In this study we evaluated the effects of the CB1/CB2 cannabinoid receptor agonist CP55, 940 (CP) on antigen-induced asthma-like reaction in sensitized guinea pigs and we tested the ability of the specific CB2 receptor antagonist SR144528 (SR) and CB1 receptor antagonist AM251 (AM) to interfere with the effects of CP. Ovalbumin-sensitized guinea pigs placed in a respiratory chamber were challenged with the antigen given by aerosol. CP (0.4 mg/kg b.wt.) was given i.p. 3 hrs before ovalbumin challenge. Sixty minutes before CP administration, some animals were treated i.p. with either AM, or SR, or both (0.1 mg/kg b.wt.). Respiratory parameters were recorded and quantified. Lung tissue specimens were then taken for histopathological and morphometric analyses and for eosinophilic major basic protein immunohistochemistry. Moreover, myeloperoxidase activity, 8-hydroxy-2-deoxyguanosine, cyclic adenosine monophosphate (cAMP) and guanosine monophosphate (cGMP) levels, and CB1 and CB2 receptor protein expression by Western blotting were evaluated in lung tissue extracts. In the bronchoalveolar lavage fluid, the levels of prostaglandin D2 and tumour necrosis factor-alpha TNF-alpha were measured. Ovalbumin challenge caused marked abnormalities in the respiratory, morphological and biochemical parameters assayed. Treatment with CP significantly reduced these abnormalities. Pre-treatment with SR, AM or both reverted the protective effects of CP, indicating that both CB1 and CB2 receptors are involved in lung protection. The noted treatments did not change the expression of cannabinoid receptor proteins, as shown by Western blotting. These findings suggest that targeting cannabinoid receptors could be a novel preventative therapeutic strategy in asthmatic patients. 
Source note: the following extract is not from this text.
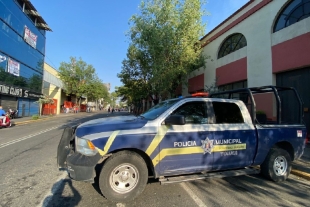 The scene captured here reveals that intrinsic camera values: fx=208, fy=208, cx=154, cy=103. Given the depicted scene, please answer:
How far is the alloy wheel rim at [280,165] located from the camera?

The role of cannabinoids in inflammatory modulation of allergic respiratory disorders, inflammatory pain and ischemic stroke.

Department of Preclinical and Clinical Pharmacology, University of Florence, Viale G. Pieraccini 6, I- 50139 Florence, Italy.

Abstract

This review is intended to offer updated information on the involvement of cannabinoids in the process of inflammation, focusing on immune/allergic reactions, inflammatory pain and neuroinflammation and discussing the interactions among endocannabinoid metabolism, prostanoids and nitric oxide. Two types of cannabinoid receptors, CB1 and CB2, which belong to the G protein-coupled receptor family, have been identified and are targeted by numerous exogenous and endogenous ligands. The activation of CB2 receptors on mast cells has direct antiinflammatory effects, causing decreased release of pro-inflammatory mediators by these cells. The activation of CB1 receptors on bronchial nerve endings has bronchodilator effects by acting on the airway smooth muscle and may be beneficial in airway hyperreactivity and asthma. Moreover, pharmacologic interference with endocannabinoid metabolism has been demonstrated to result in anti-nociceptive activity, mediated by CB1 and CB2 receptors, in animal models of inflammatory pain. The presence of endocannabinoid machinery in the central nervous system, together with high levels of CB1 expression, suggests that the endocannabinoid system is an important modulator of neuroinflammation and a possible drug target. In selected conditions, the activation of CB1 receptors in cerebral blood vessels can have beneficial antiischemic effects. However, as endocannabinoids can also bind to vanilloid receptors, they may also mediate neurotoxic effects.